After years of unsuccessfully trying to pass legislation favorable to charter schools, the new Republican majority in the Mississippi Legislature looks poised to get at least one of its bills passed this year.
A bill by Sen. Gray Tollison, R-Oxford, is now in the House after the Senate passed it last week. Tollison's bill would allow for "open-enrollment charter schools," or schools that do not start from an existing public school.
Republicans have tried unsuccessfully to pass similar legislation in years past, but right now, Mississippi only allows schools to get charters if they are rated low performing or lower for three consecutive years. Then, at least half of the parents at the school must petition the state Board of Education to create a charter school.
Proponents of charter schools, like Tollison, say they clear the way for innovation needed to revive America's educational system, such as longer school days and greater freedom in hiring teachers. Tollison, who is also the chairman of the Senate Education Committee, said although the state does offer schools and districts quite a bit of freedom under the current laws, charter schools would be more likely to make needed reforms quickly.
"Any large system like our public-school system is slow to adopt change, whereas a smaller system with this charter concept is quicker to adopt change," he said. "If a teaching method's not working, they go back and figure out what does work."
At a conference last week, Marian Wright Edelman, founder and president of the Children's Defense Fund, said charter schools are not the one solution that will fix the public-school system.
"I'm for high-quality public schools, whether they're charters or traditional public schools," she said. She also said that charter schools should serve children who are already in the public-school system, rather than becoming a publicly funded replacement for private schools.
"I'm not against charters as a 10-percent solution to provide competition for the public schools, where most of the children are always going to be. ... But (we're going to) have to be very, very careful to make sure that the charter legislation is not a back-door way of getting public funds to private, segregated academies."
Oleta Fitzgerald, director of CDF's Southern Regional Office, said she is working with several groups, such as the NAACP, that want to limit charter schools to those that are converted from low-performing public schools, rather than allowing outside entities to get charters to start new schools.
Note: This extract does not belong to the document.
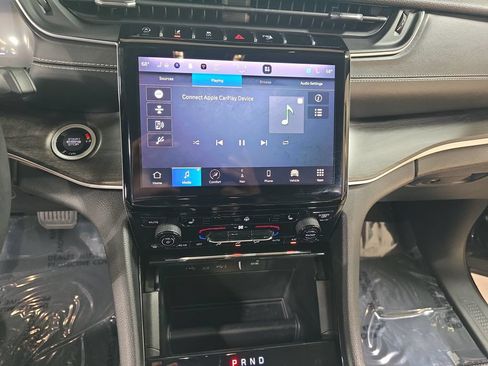Used 2023 Jeep Grand Cherokee L Limited AWD/4WD image 22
"There's been a sea change in the Capitol, and we don't have a lot of influence in some quarters," she said.
Fitzgerald is also unhappy about the makeup of the education committees in the Legislature, where she said some of the most experienced lawmakers lost their chairmanships under new Republican leadership.
"We have people now making policy that don't know what they're talking about," she said.
Tollison said he based his bill on model legislation from the National Alliance for Charter Schools and tried to take the best practices from different states around the country. He also said that if charter schools don't have support and buy-in from the community, charters won't be able to locate there.
"You have to have community buy-in. The whole concept is, you're educating students in that community," he said. "If parents don't want a charter school in their community, it's not coming. It's not like they're going to go set up in a place they're not wanted."